Records excerpted from a collection
☆ ☆ ☆ ☆ ☆

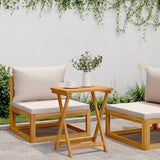NNEVL Folding Garden Table 50x36x60 cm Solid Wood Acacia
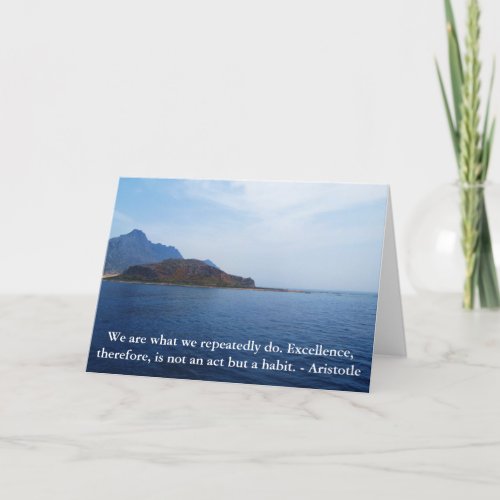 Aristotle Excellence Quotation Card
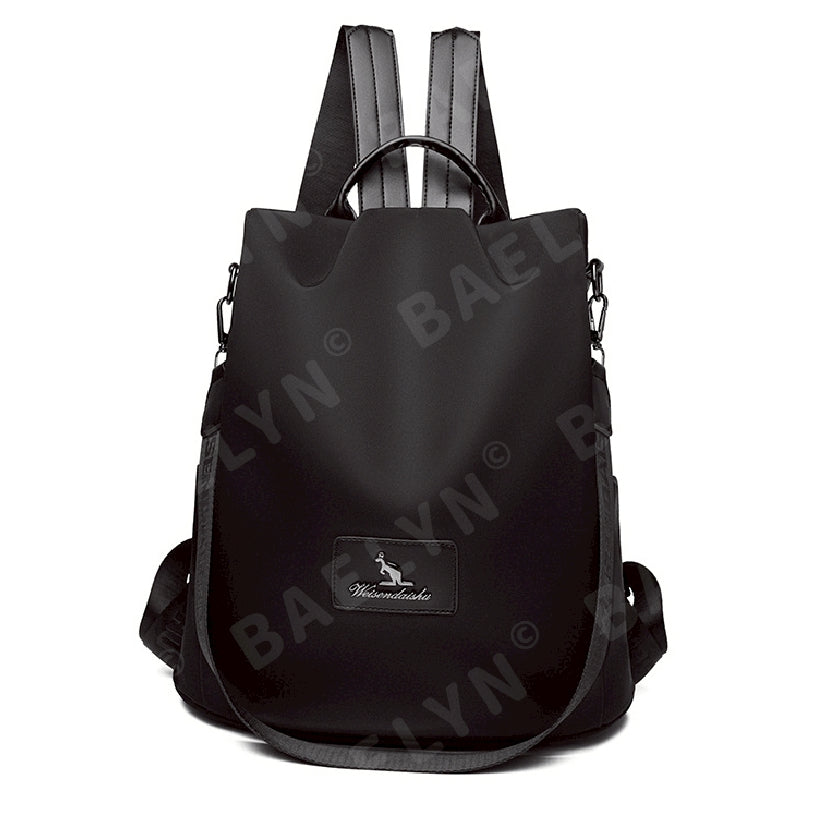 時尚牛津布防盜後背包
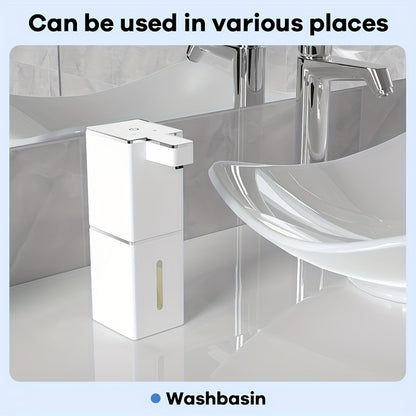 380ml Rechargeable Bathroom Liquid Dispenser Touchless Automatic Foaming Hand Soap Bottle Kitchen Detergent Dispenser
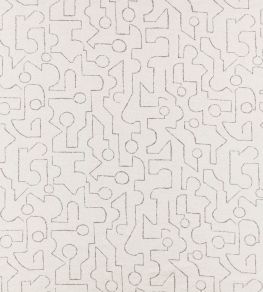 Braque Fabric by Zinc Greyscale Braque Fabric by Zinc Greyscale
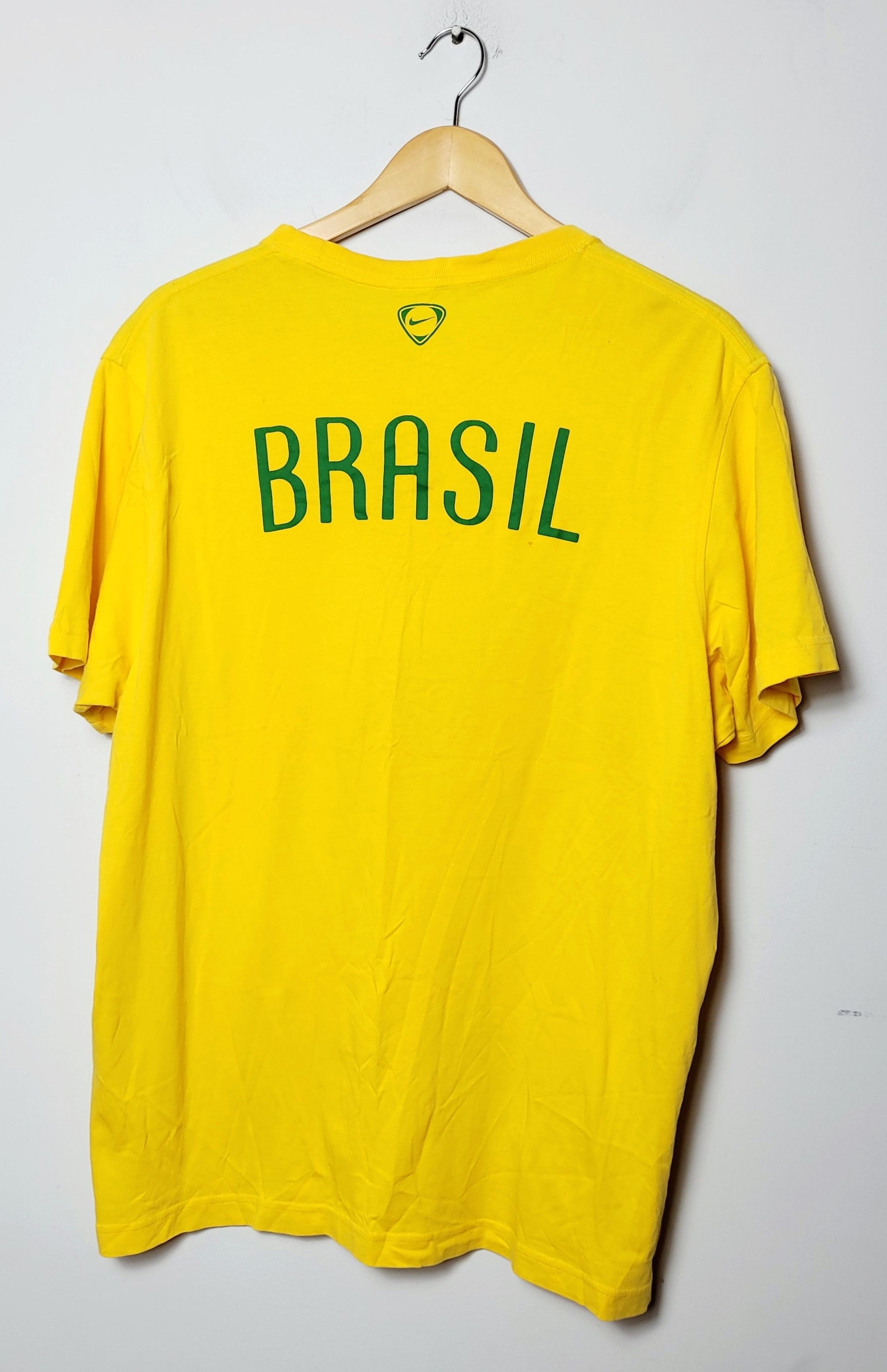 Nike Nike Brasil CBF t-shirt Size US L / EU 52-54 / 3 - 3 Thumbnail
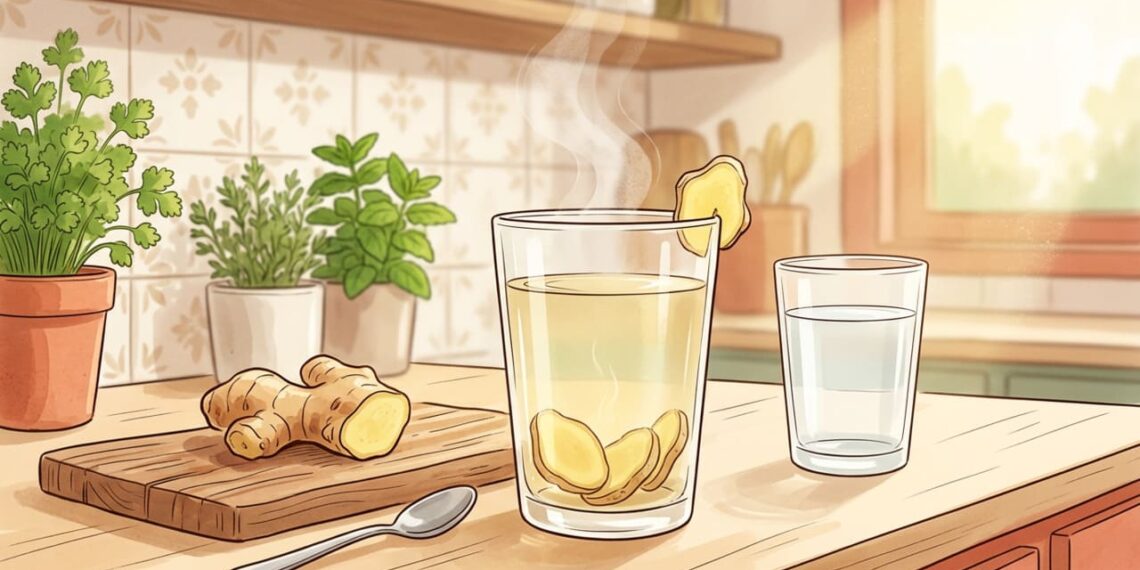 5 benefícios de beber regularmente água com gengibre fresco pela manhã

☆ ☆ ☆ ☆ ☆

Leave nothing out but the pictures when transcribing the records.

§ Solution for this task:
NNEVL Folding Garden Table 50x36x60 cm Solid Wood Acacia
 Aristotle Excellence Quotation Card
 時尚牛津布防盜後背包
 380ml Rechargeable Bathroom Liquid Dispenser Touchless Automatic Foaming Hand Soap Bottle Kitchen Detergent Dispenser
 Braque Fabric by Zinc Greyscale Braque Fabric by Zinc Greyscale
 Nike Nike Brasil CBF t-shirt Size US L / EU 52-54 / 3 - 3 Thumbnail
 5 benefícios de beber regularmente água com gengibre fresco pela manhã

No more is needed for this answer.